For a man who once said “typical white person” during a radio interview to describe his grandmother’s actions toward a black man who kept bugging her at a bus stop, his words of advice to Perry seem comical. Or his overt disdain for middle-America and their archaic tendencies to “cling to guns or religion or antipathy to people who aren’t like them.”
“I certainly think threatening the Fed chairman is not a good idea,” White House spokesman Jay Carney said.
“When you are president or running for president, you have to think about your words,” Carney said in Iowa, where Obama was on a campaign-style bus tour.
I also distinctly remember President Obama telling his buddies to bring a gun if they (the opposition) bring a knife to the fight, and to go out and “get in people’s faces.” What about when he told a crowd of Mexican and Latino voters that they should work with him so that they both could “punish their enemies” (again the opposition).
However one views Perry’s comments toward the Fed Chairman is their concern. In fact, a fellow Texan, and GOP colleague, disagreed with his “treasonous” comment. Karl Rove said Perry made a mistake and his remark was not presidential. I’m sure you will hear many more comments like that. I suspect he has already received several phone calls from concerned supporters telling him to be more selective with his language.

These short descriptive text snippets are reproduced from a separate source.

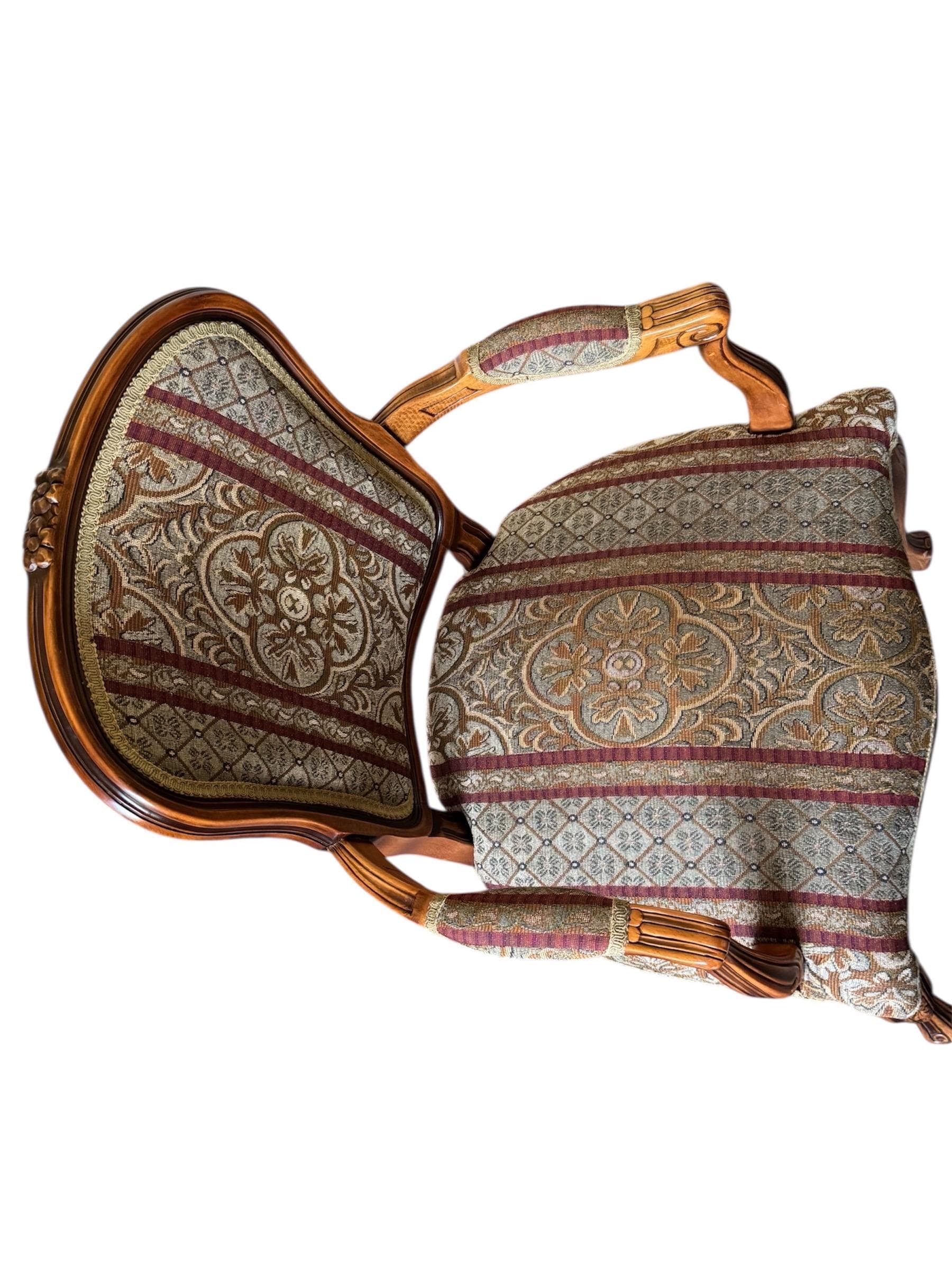 Vintage Louis XV Style Tapestry Armchairs - A Pair by Najarian Furniture - Thumbnail 9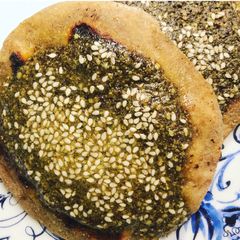 A picture of Spelt flatbreads with za’atar - vegetarian.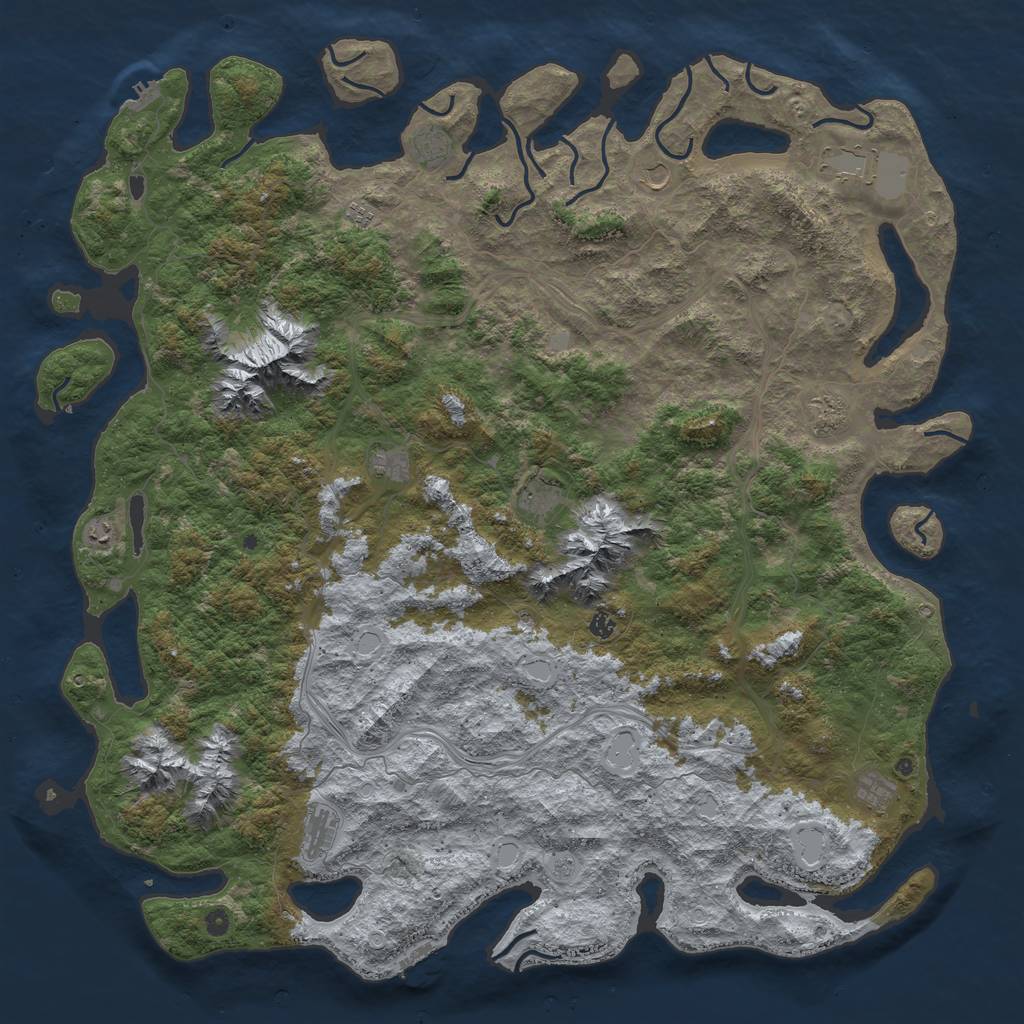 Rust Map: Procedural Map, Size: 6000, Seed: 8022037, 20 Monuments
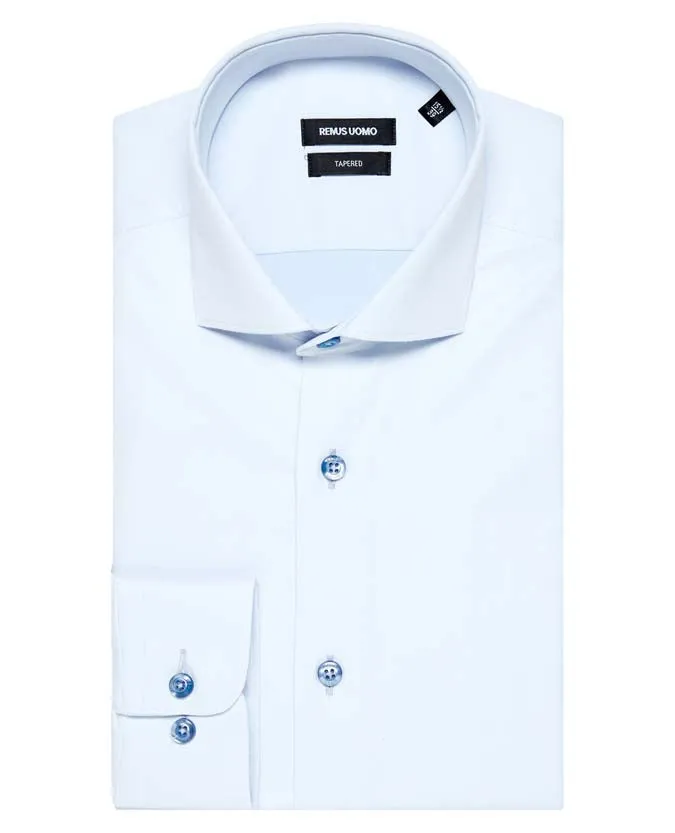 Remus Uomo Seville Long Sleeve Formal Tapered Shirt With Stretch - Light Blue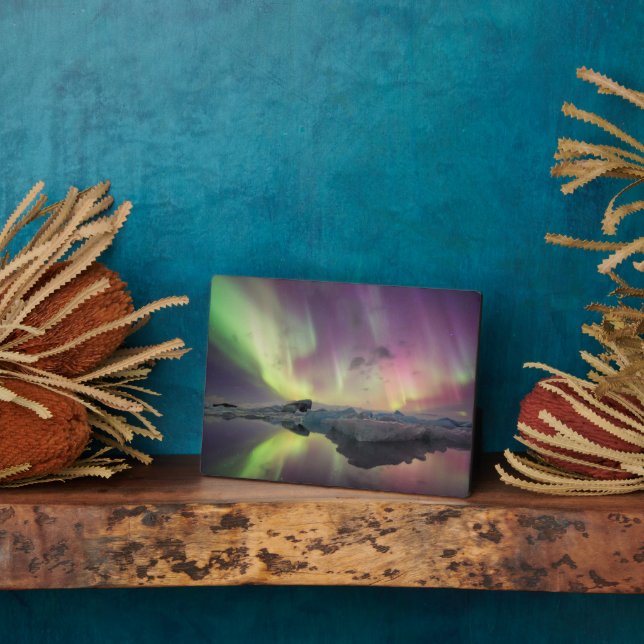 Aurora Lights Reflect in Lagoon Plaque (Side)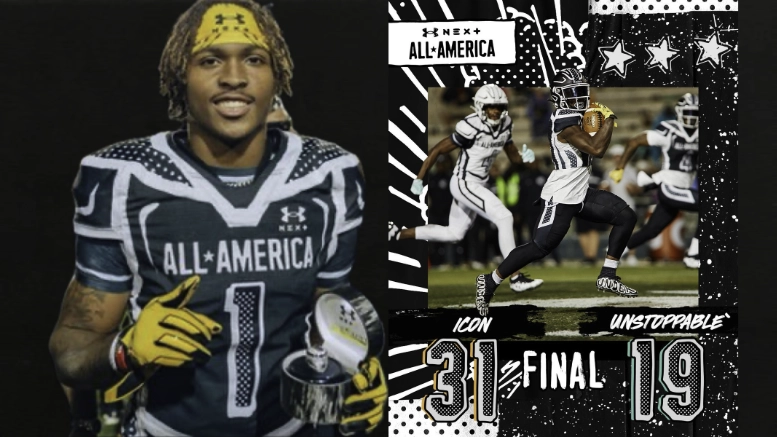 Dakorien Moore is named the MVP of the Under Armour Next All-America Game.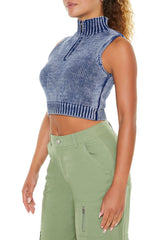 Cropped Half-Zip Sweater Vest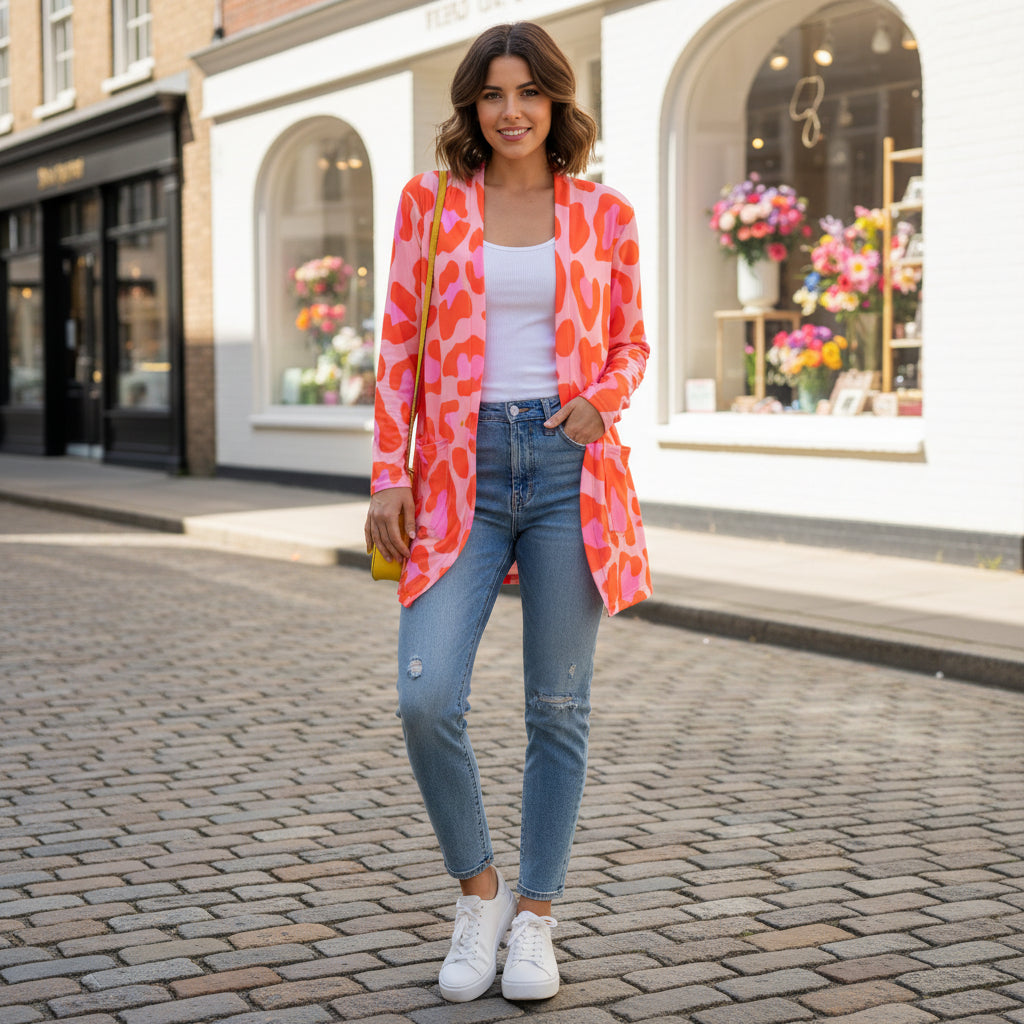 Cardigan Leopard Print | Pink & Orange Ladies Open Front Sweater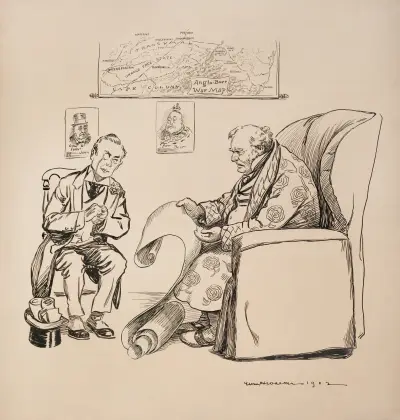 John Bull (Großbritannien) liest besorgt eine lange Schriftrolle. Hinter ihm eine Karte des Burenkriegs von William Henry Walker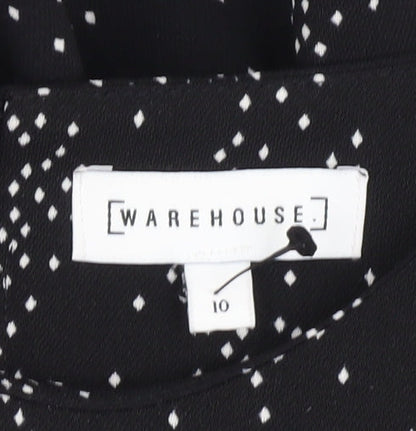 Warehouse Women's Black Geometric Knee Dress Size 10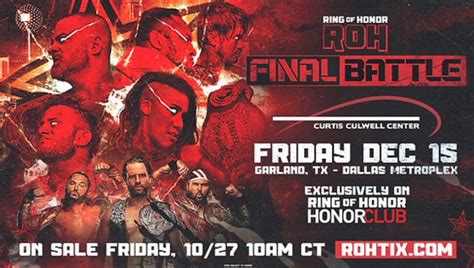 Ring of Honor Final Battle 2023 scheduled for 12/15 in Garland, Texas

To have an administration who said cops “acted stupidly” without knowing one detail of the arrest of a black grievance theologian Henry Louis Gates Jr., is entirely different thing altogether. When members of his own administration call fellow Americans terrorists for simply challenging their governing principles; meanwhile, discourage the use of the word for the very people who fit the label out of fear of hurting their feelings and suffering political damage, I find his words meaningless.